Kubeł zimnej wody wylany na głowę nieznajomego to nie wielkanocna tradycja a chuligaństwo. Policja będzie karać wszystkich, którzy posuną się za daleko w celebrowaniu Lanego Poniedziałku.
Nie każdy rozumiem znacznie wzajemnego oblewania się wodą w drugi dzień Świąt Wielkanocnych. Dla niektórych to czas na chuligańskie wybryki i rywalizację w polewaniu przechodniów lub przejeżdżających samochodów.
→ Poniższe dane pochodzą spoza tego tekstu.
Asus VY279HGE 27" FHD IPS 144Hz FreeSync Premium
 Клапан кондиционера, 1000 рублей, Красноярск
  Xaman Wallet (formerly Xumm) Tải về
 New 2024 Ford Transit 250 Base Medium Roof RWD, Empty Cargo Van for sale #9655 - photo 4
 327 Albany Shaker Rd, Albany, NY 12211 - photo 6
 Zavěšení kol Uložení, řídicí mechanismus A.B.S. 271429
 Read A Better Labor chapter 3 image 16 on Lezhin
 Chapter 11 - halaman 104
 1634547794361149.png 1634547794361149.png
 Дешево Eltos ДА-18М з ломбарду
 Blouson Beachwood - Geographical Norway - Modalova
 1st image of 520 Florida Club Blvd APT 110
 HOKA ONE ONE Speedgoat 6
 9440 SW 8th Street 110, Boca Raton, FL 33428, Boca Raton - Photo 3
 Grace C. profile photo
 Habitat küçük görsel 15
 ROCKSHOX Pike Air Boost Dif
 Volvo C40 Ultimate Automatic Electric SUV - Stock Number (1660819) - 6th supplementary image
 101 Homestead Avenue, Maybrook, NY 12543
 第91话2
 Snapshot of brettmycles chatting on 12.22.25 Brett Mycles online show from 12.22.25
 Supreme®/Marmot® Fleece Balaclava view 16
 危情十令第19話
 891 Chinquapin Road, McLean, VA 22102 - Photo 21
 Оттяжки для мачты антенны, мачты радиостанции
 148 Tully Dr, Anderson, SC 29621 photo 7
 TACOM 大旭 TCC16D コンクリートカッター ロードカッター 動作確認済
Takie zachowanie nie ma nic wspólnego z tradycją śmigusa-dyngusa.
Również kierowcy mają tego dnia problem ze spokojnym przejechaniem przez miasto.
– Niespodziewane wylanie kilku wiader wody na przednią szybę samochodu to częste zjawisko w Lany Poniedziałek. Wystarczy chwila nieuwagi i wypadek gotowy. Dlatego tego dnia staram się wracać od rodziny, raczej wieczorem, kiedy zabawy ucichną – opowiada kierowca.
Policjanci zapowiadają, że będą zwracać szczególną uwagę na tego typu „ataki”. Przekroczenie dopuszczalnych granic będzie karane mandatem. Zwiększona ilość patroli pojawi się na osiedlach i parkach, gdzie najczęściej dochodzi do oblewania.
Śmigus-dyngus opiera się na dawnym ludowym zwyczaju, kiedy przemoczona ubranie i mokre włosy było dowodem na powodzenie panny.